#### WORK INSTRUCTIONS
Starting at the line that contains "itching = secondary bacterial" and ending at the final line of the entries below, write out each line exactly as it appears, but omit the pictures.

===

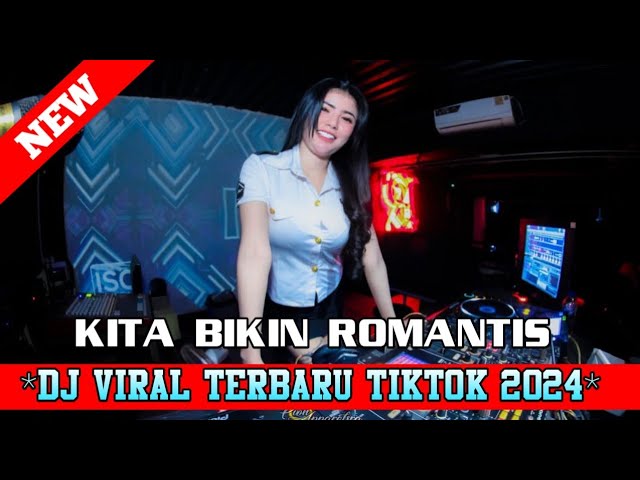 DJ KITA BIKIN ROMANTIS REMIX VIRAL TIKTOK 2024 #djviraltiktok class=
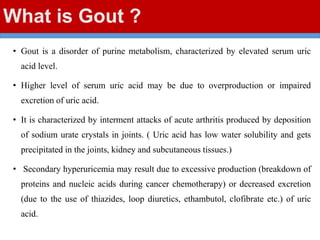What is Gout ?
• Gout is a disorder of purine metabolism, characterized by elevated serum uric
acid level.
• Higher level of serum uric acid may be due to overproduction or impaired
excretion of uric acid.
• It is characterized by interment attacks of acute arthritis produced by deposition
of sodium urate crystals in joints. ( Uric acid has low water solubility and gets
precipitated in the joints, kidney and subcutaneous tissues.)
• Secondary hyperuricemia may result due to excessive production (breakdown of
proteins and nucleic acids during cancer chemotherapy) or decreased excretion
(due to the use of thiazides, loop diuretics, ethambutol, clofibrate etc.) of uric
acid.
 
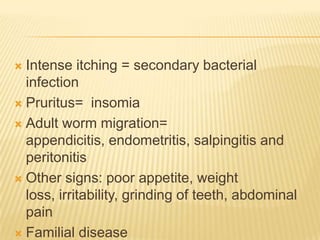  Intense itching = secondary bacterial
  infection
 Pruritus= insomia

 Adult worm migration=
  appendicitis, endometritis, salpingitis and
  peritonitis
 Other signs: poor appetite, weight
  loss, irritability, grinding of teeth, abdominal
  pain
 Familial disease
 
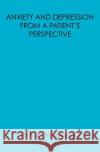 Anxiety and Depression from a Patient's Perspective: You Don't Know What it's Like from a Patients Point of View Wyrabkiewicz, Richard 9781452884134 Createspace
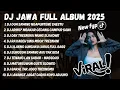 Lagu DJ JAWA TERBARU 2025 FULL BASS - DJ DUH SAYANG NGAPUNTENE SAESTU🎶DJ SABAR FULL ALBUM VIRAL TERBARU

===

#### EXERCISE OUTPUT
  Intense itching = secondary bacterial
  infection
 Pruritus= insomia

 Adult worm migration=
  appendicitis, endometritis, salpingitis and
  peritonitis
 Other signs: poor appetite, weight
  loss, irritability, grinding of teeth, abdominal
  pain
 Familial disease
 
 Anxiety and Depression from a Patient's Perspective: You Don't Know What it's Like from a Patients Point of View Wyrabkiewicz, Richard 9781452884134 Createspace
 Lagu DJ JAWA TERBARU 2025 FULL BASS - DJ DUH SAYANG NGAPUNTENE SAESTU🎶DJ SABAR FULL ALBUM VIRAL TERBARU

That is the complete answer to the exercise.